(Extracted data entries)
=== Section Start ===

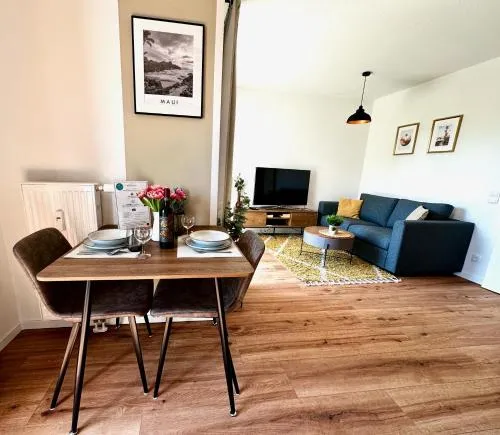 Helles, modernes 1R Apartment mit Balkon, Parking und Streaming in Magdeburg, Deutschland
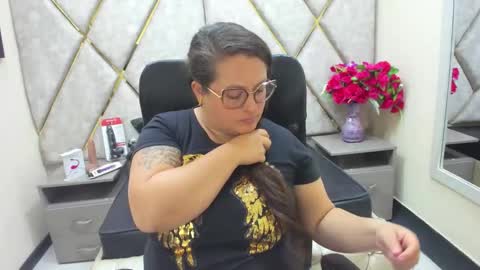 sara_thonson_ online show from April 24, 4:47 am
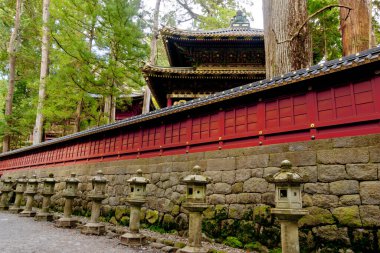 Eski bir Japon tapınağının çarpıcı fotoğrafı.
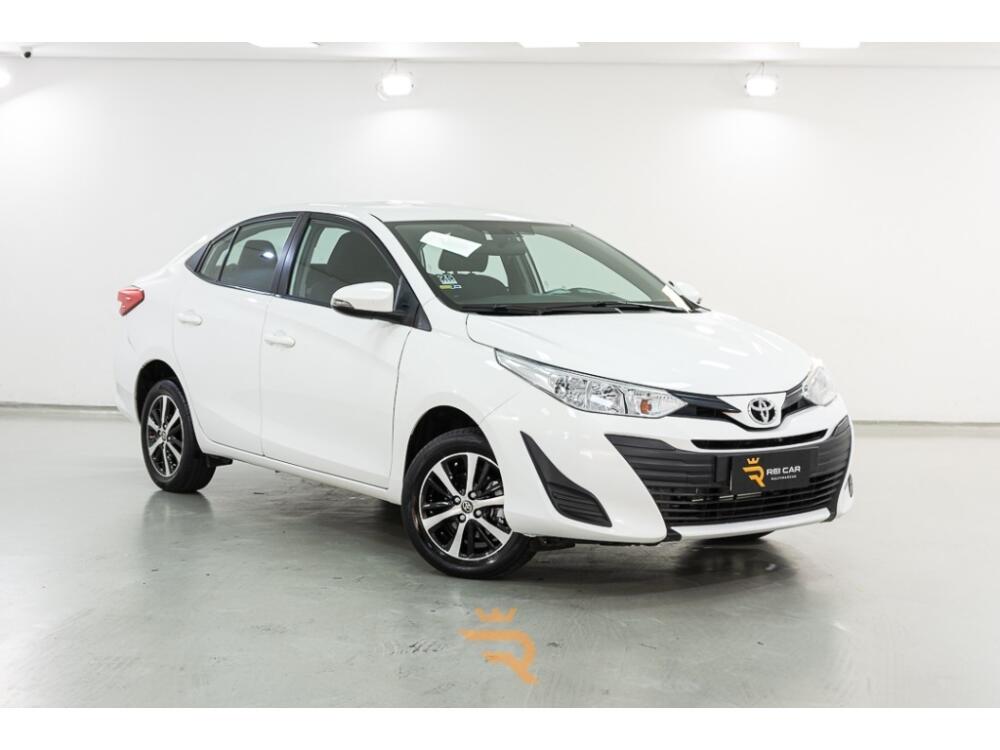 Toyota Yaris Sedan XL 1.5 16V FLEX 2021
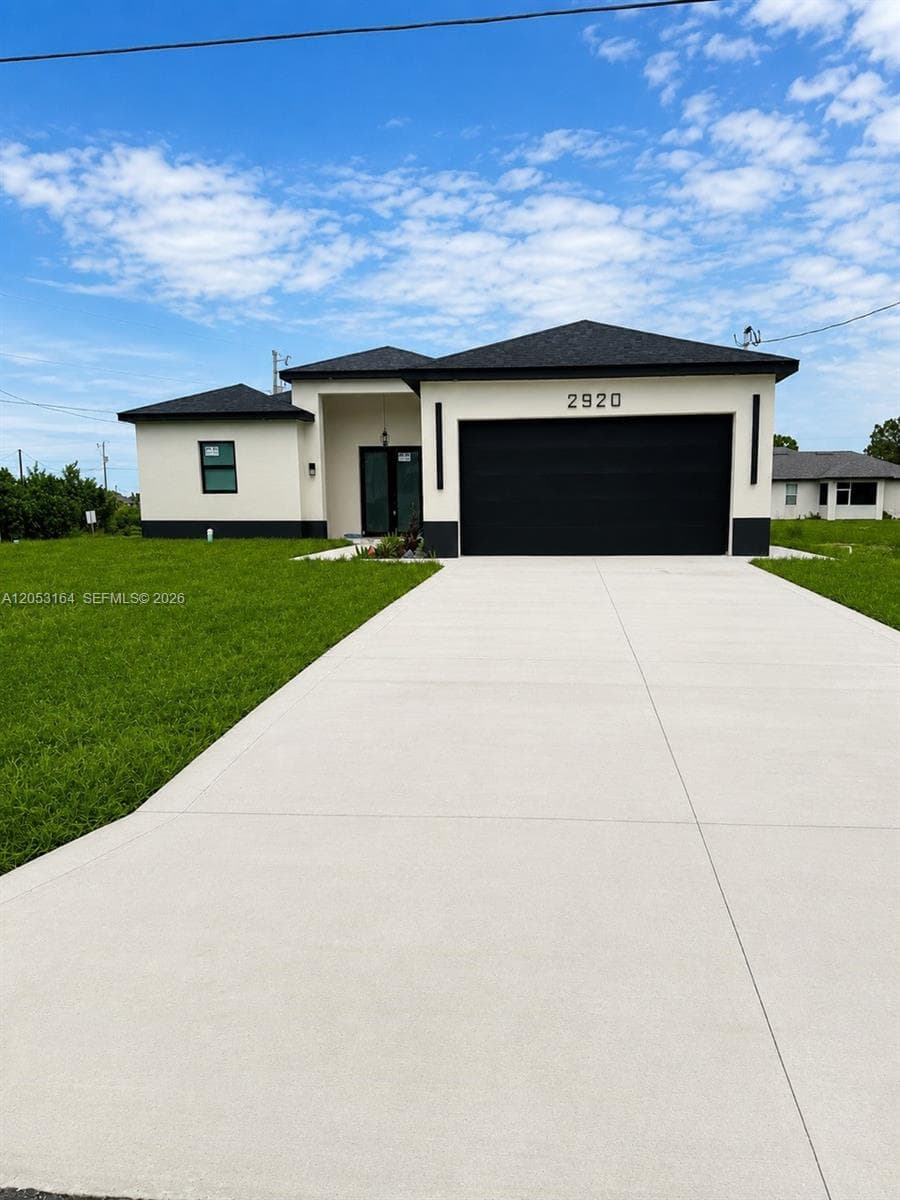 Single-family home at 2920 SW 30th st, Lehigh Acres, FL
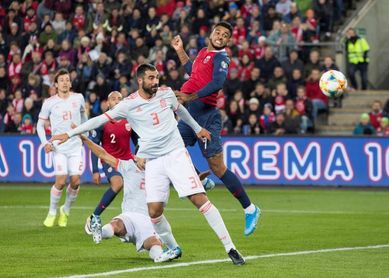 La gira nórdica da la clasificación a la Eurocopa pero congela las ilusiones La gira nórdica da la clasificación a la Eurocopa pero congela las ilusiones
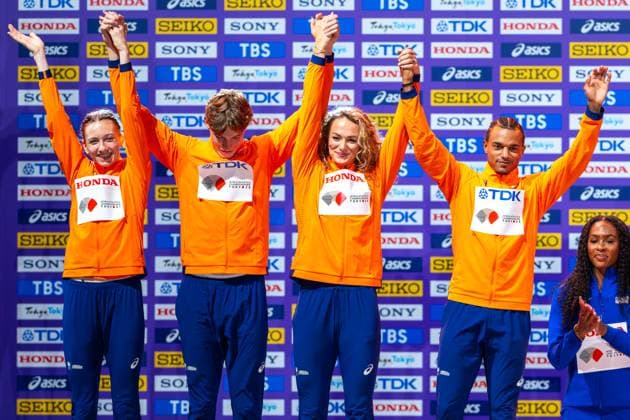 2025-09-15 World Athletics Championships Tokyo 2025 - Day 3 TOKYO, JAPAN - SEPTEMBER 15: Femke Bol of the Netherlands, Jonas Phijffers of the Netherlands, Lieke Klaver of the Netherlands, Eugene Omalla of the Netherlands during the podium ceremony after competing during the Mixed 4x400m Relay on day one of the World Athletics Championships Tokyo 2025 at National Stadium on September 15, 2025 in Tokyo, Japan. (Photo by Joris Verwijst BSR Agency) Tokyo Japan Content not available for redistribution in The Netherlands directly or indirectly through any third parties. Copyright: xBSRxAgencyx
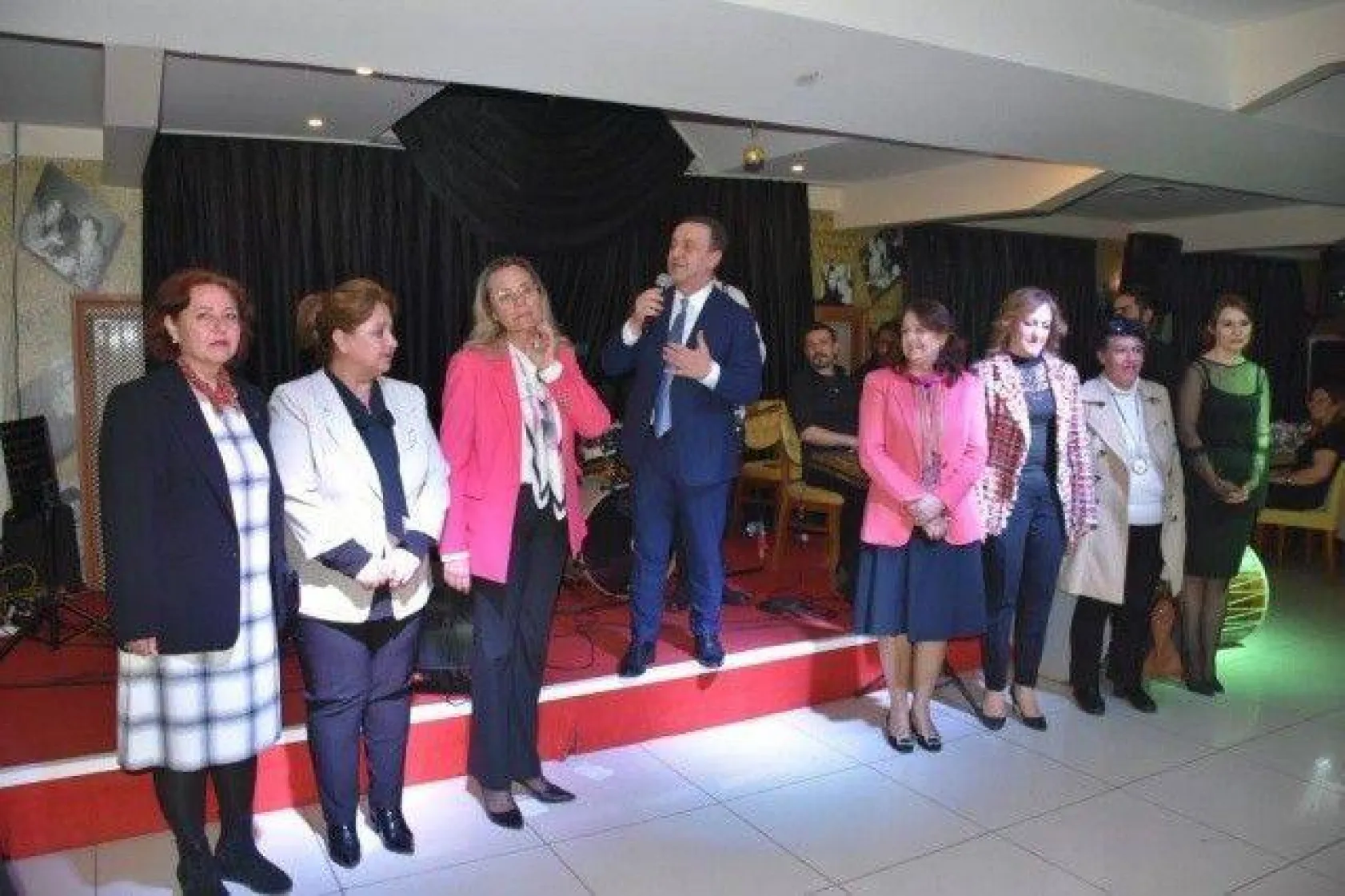 Kadınlardan Işıklar'a Sevgi Seli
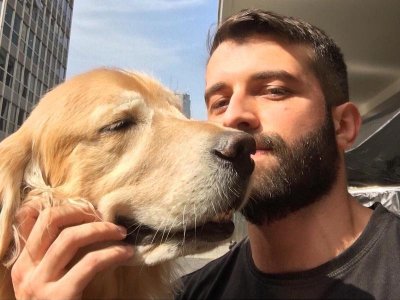 Bernardo Villas Boas. Serial Dog Kisser. Sao Paulo.jpg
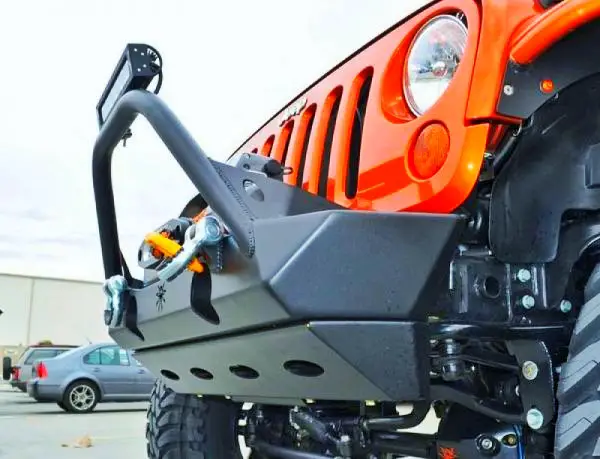 Read more about the article Are skid plates important for off-roading ? | Skid Plate Guide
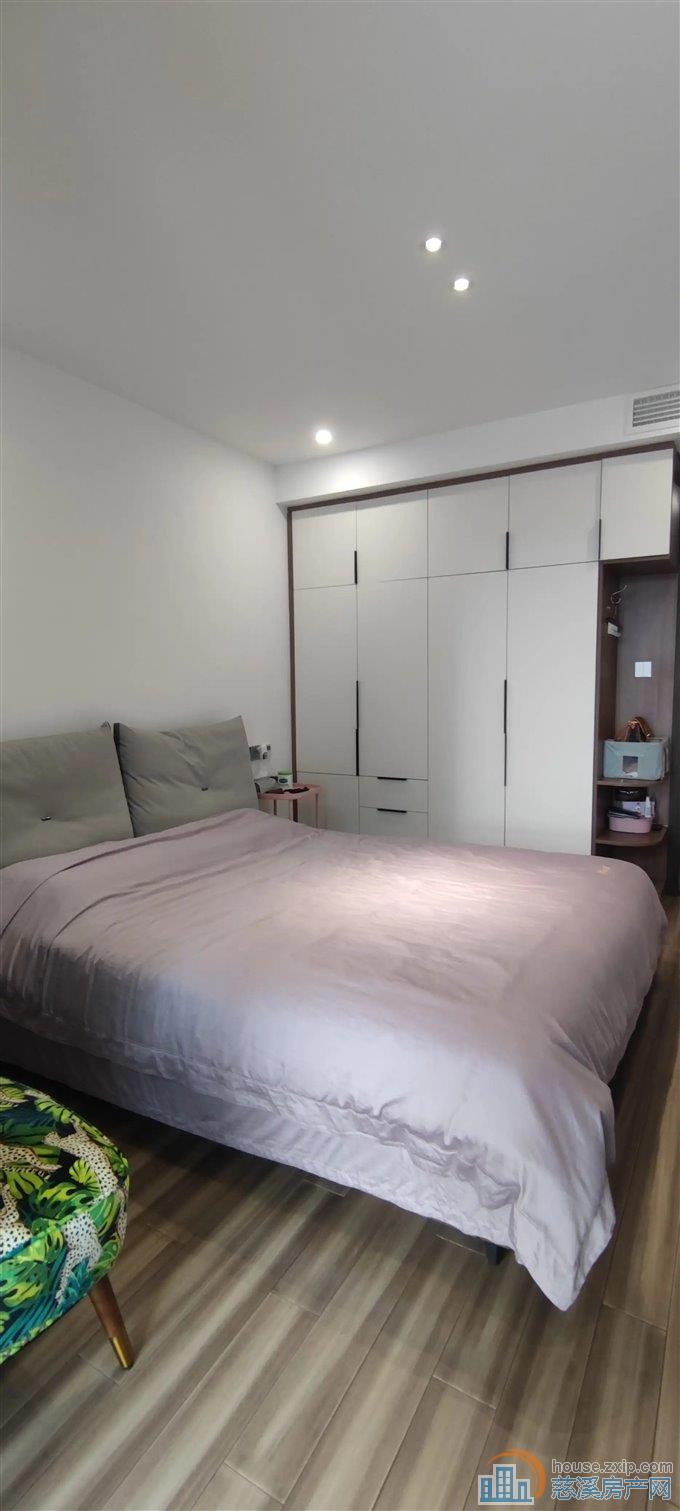 保利俯院江南南区 精装 洋房 露台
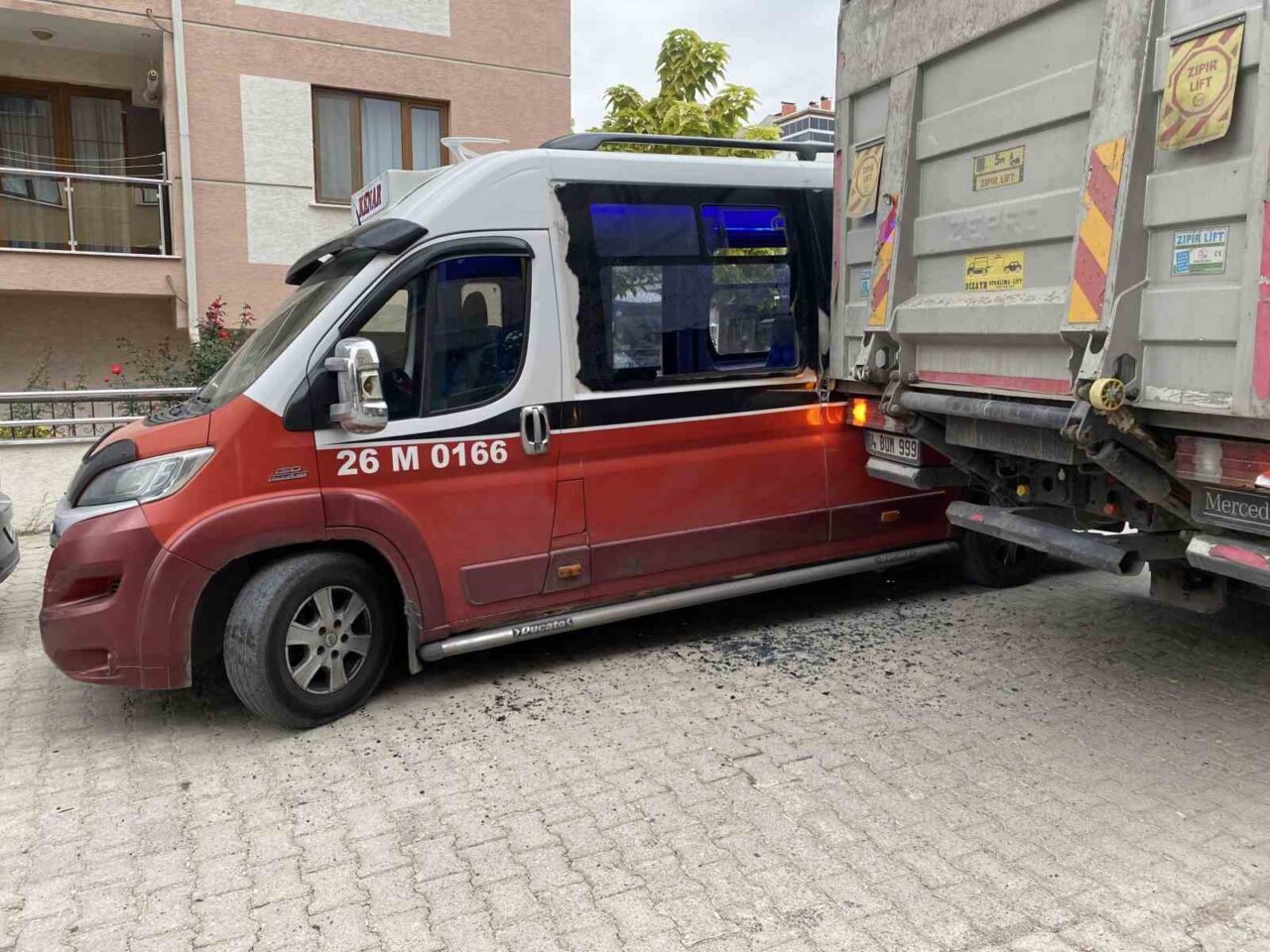 Eskişehir’de Tır ve Minibüsün Karıştığı Trafik Kazasında Maddi Hasar Meydana Geldi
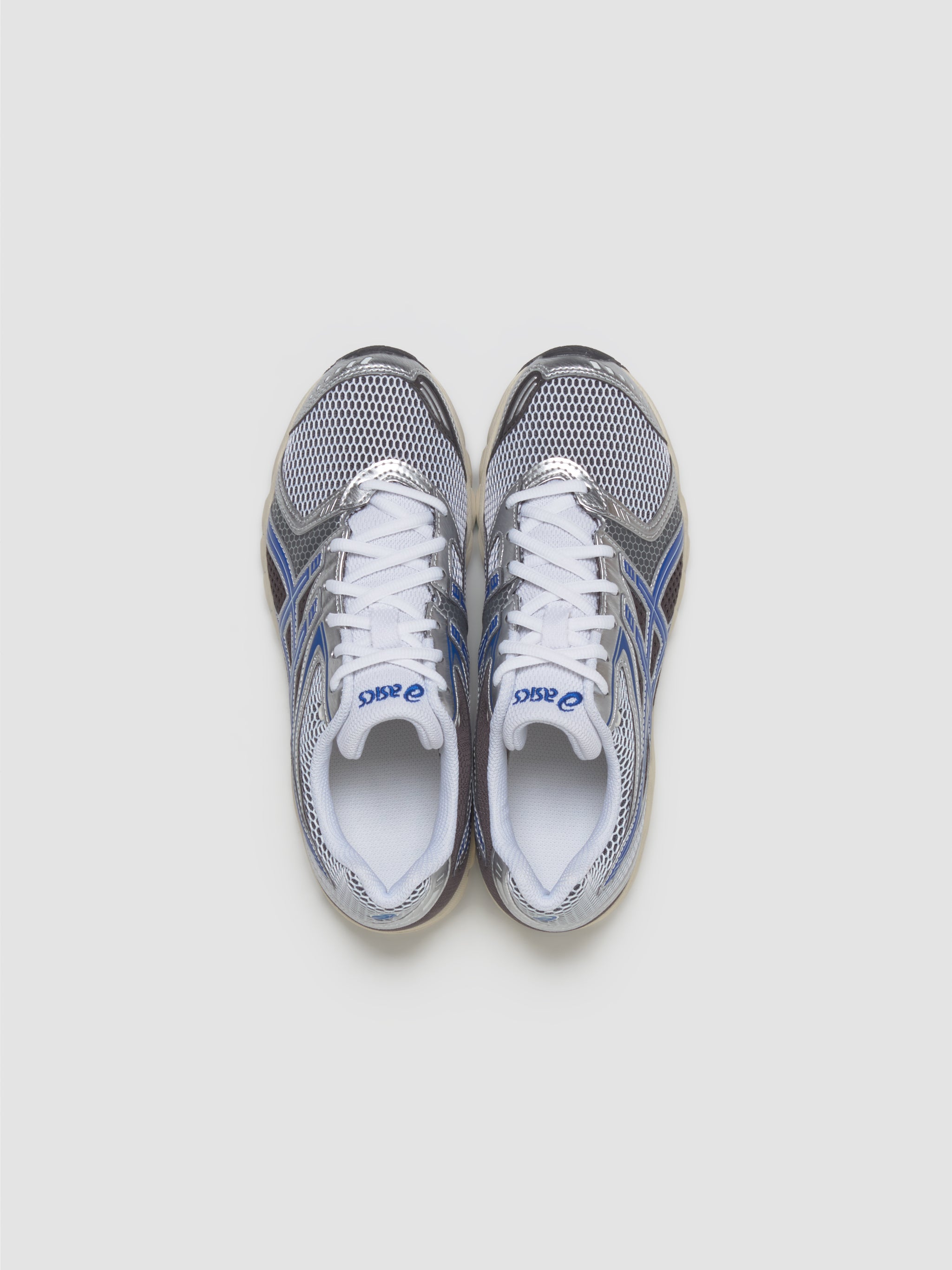 GEL-DS TRAINER 14 Sneaker in White & Asics Blue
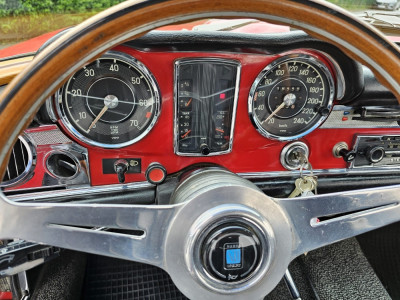 Mercedes-Benz SL Oldtimer Mercedes-Benz SL Oldtimer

=== Section End ===

In your copy, include every record word for word but no pictures.

RESULT OF THIS EXERCISE:
 Helles, modernes 1R Apartment mit Balkon, Parking und Streaming in Magdeburg, Deutschland
 sara_thonson_ online show from April 24, 4:47 am
 Eski bir Japon tapınağının çarpıcı fotoğrafı.
 Toyota Yaris Sedan XL 1.5 16V FLEX 2021
 Single-family home at 2920 SW 30th st, Lehigh Acres, FL
 La gira nórdica da la clasificación a la Eurocopa pero congela las ilusiones La gira nórdica da la clasificación a la Eurocopa pero congela las ilusiones
 2025-09-15 World Athletics Championships Tokyo 2025 - Day 3 TOKYO, JAPAN - SEPTEMBER 15: Femke Bol of the Netherlands, Jonas Phijffers of the Netherlands, Lieke Klaver of the Netherlands, Eugene Omalla of the Netherlands during the podium ceremony after competing during the Mixed 4x400m Relay on day one of the World Athletics Championships Tokyo 2025 at National Stadium on September 15, 2025 in Tokyo, Japan. (Photo by Joris Verwijst BSR Agency) Tokyo Japan Content not available for redistribution in The Netherlands directly or indirectly through any third parties. Copyright: xBSRxAgencyx
 Kadınlardan Işıklar'a Sevgi Seli
 Bernardo Villas Boas. Serial Dog Kisser. Sao Paulo.jpg
 Read more about the article Are skid plates important for off-roading ? | Skid Plate Guide
 保利俯院江南南区 精装 洋房 露台
 Eskişehir’de Tır ve Minibüsün Karıştığı Trafik Kazasında Maddi Hasar Meydana Geldi
 GEL-DS TRAINER 14 Sneaker in White & Asics Blue
 Mercedes-Benz SL Oldtimer Mercedes-Benz SL Oldtimer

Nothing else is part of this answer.